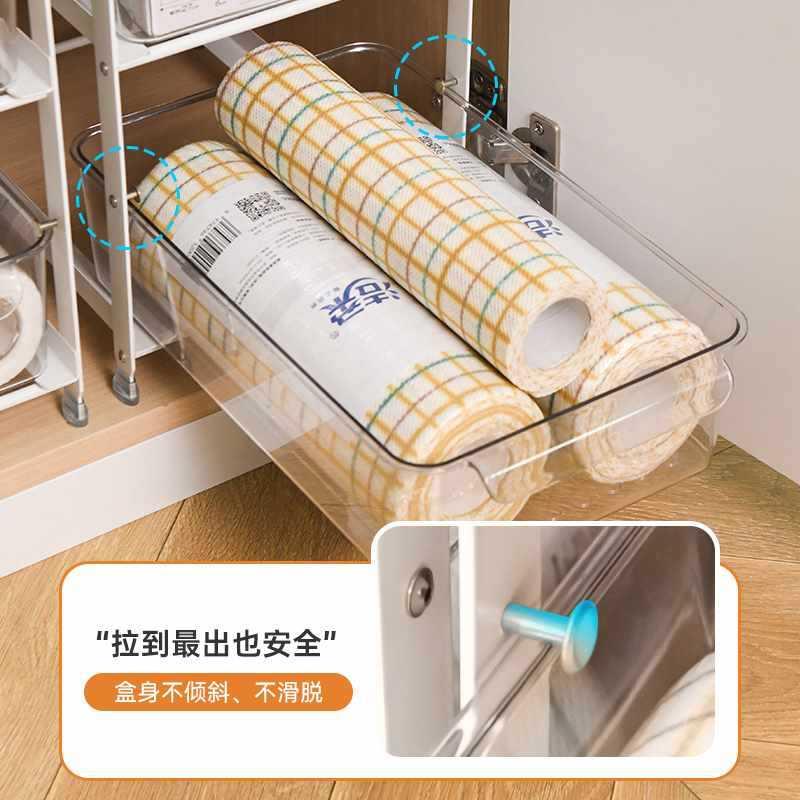 卫生间下水槽置物架WQZ抽拉式理厨房橱柜整筐浴内室洗收手台抽屉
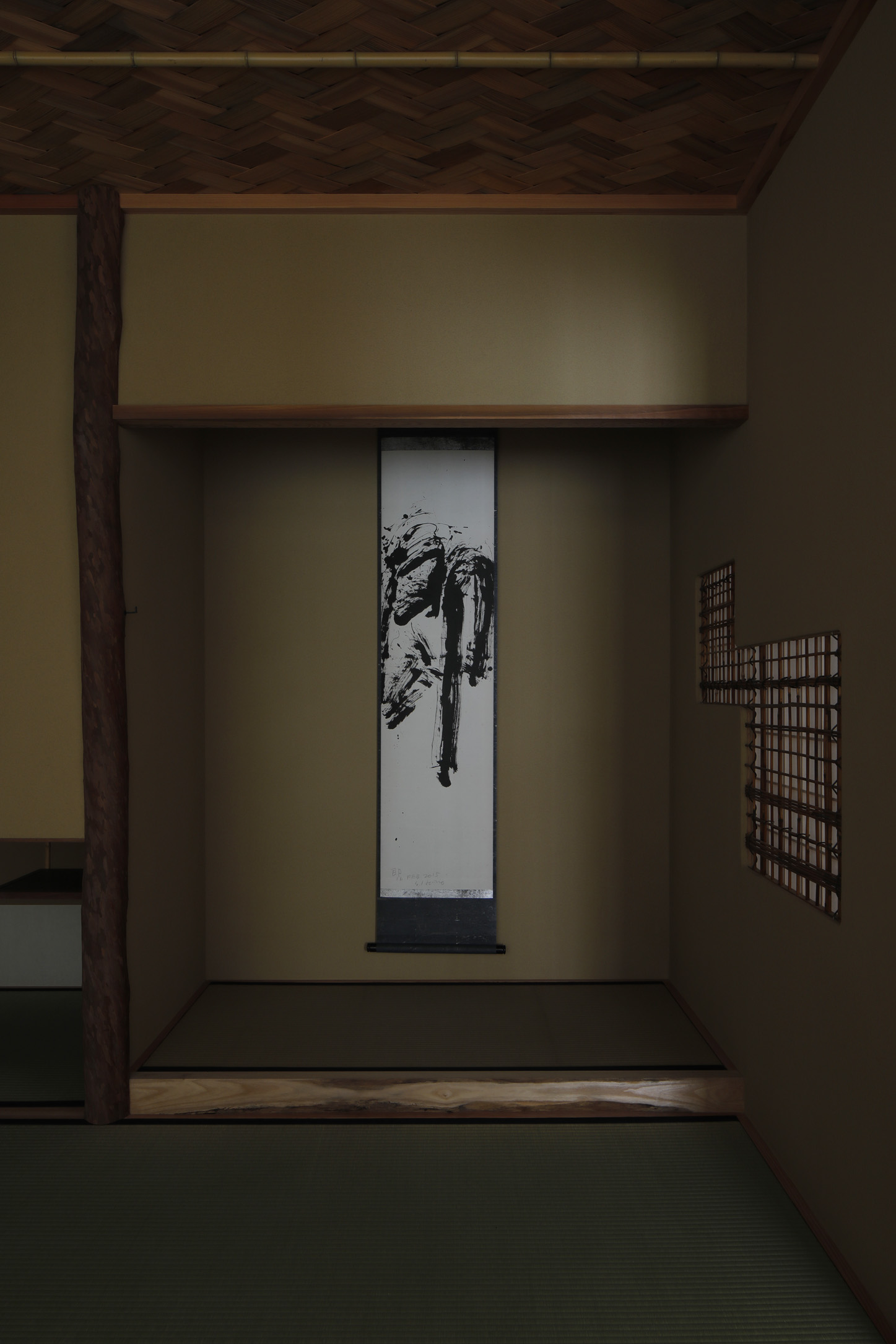 堀尾貞治 書作品「福寿」1999年作 堀尾 貞治 – GYFA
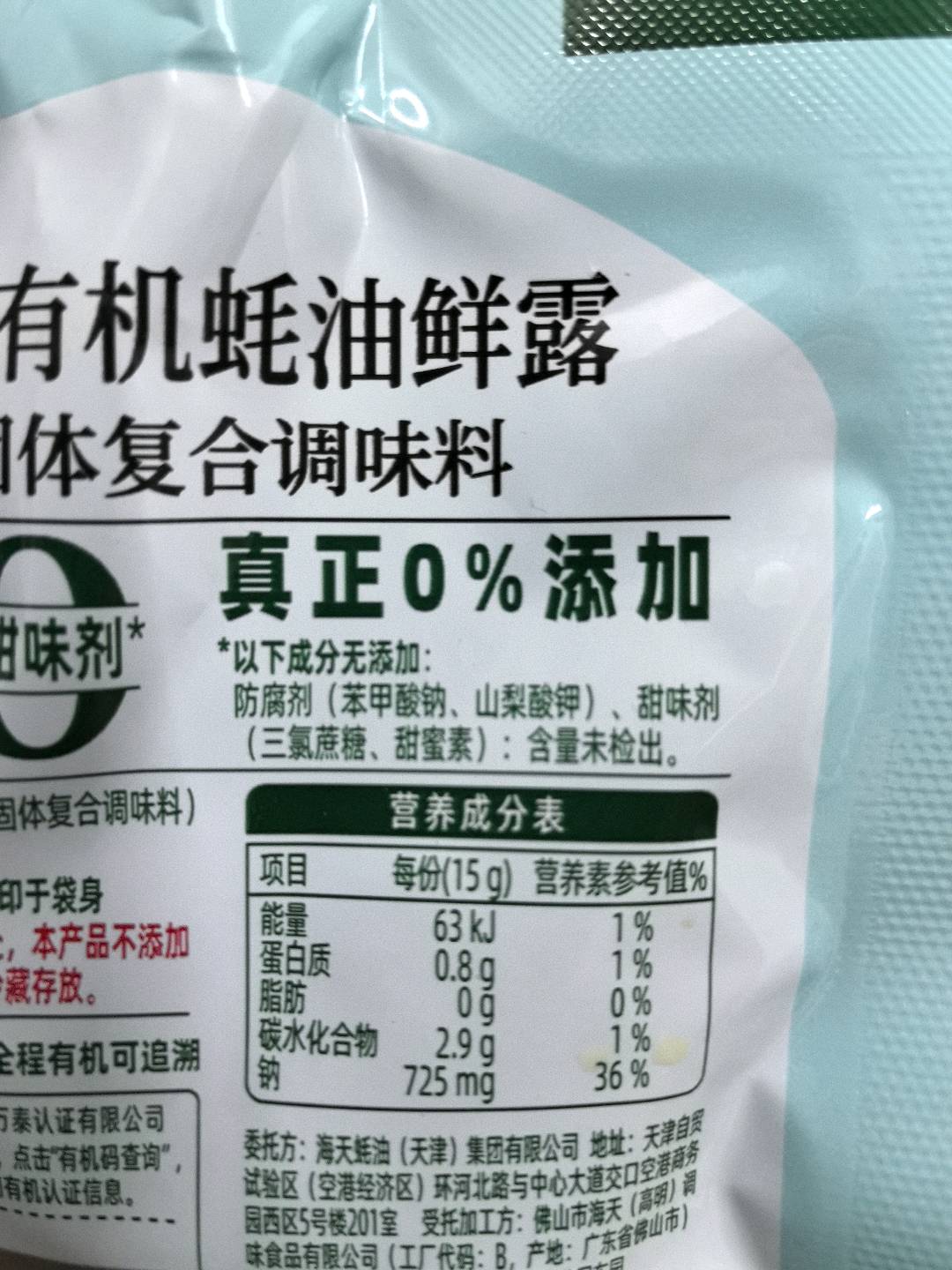有机蚝油鲜露100g*1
=-=-=
WORK TASK =
The required output is the listing above reproduced exactly, pictures removed.

SOLUTION TO THE PROBLEM =
 卫生间下水槽置物架WQZ抽拉式理厨房橱柜整筐浴内室洗收手台抽屉
 堀尾貞治 書作品「福寿」1999年作 堀尾 貞治 – GYFA
有机蚝油鲜露100g*1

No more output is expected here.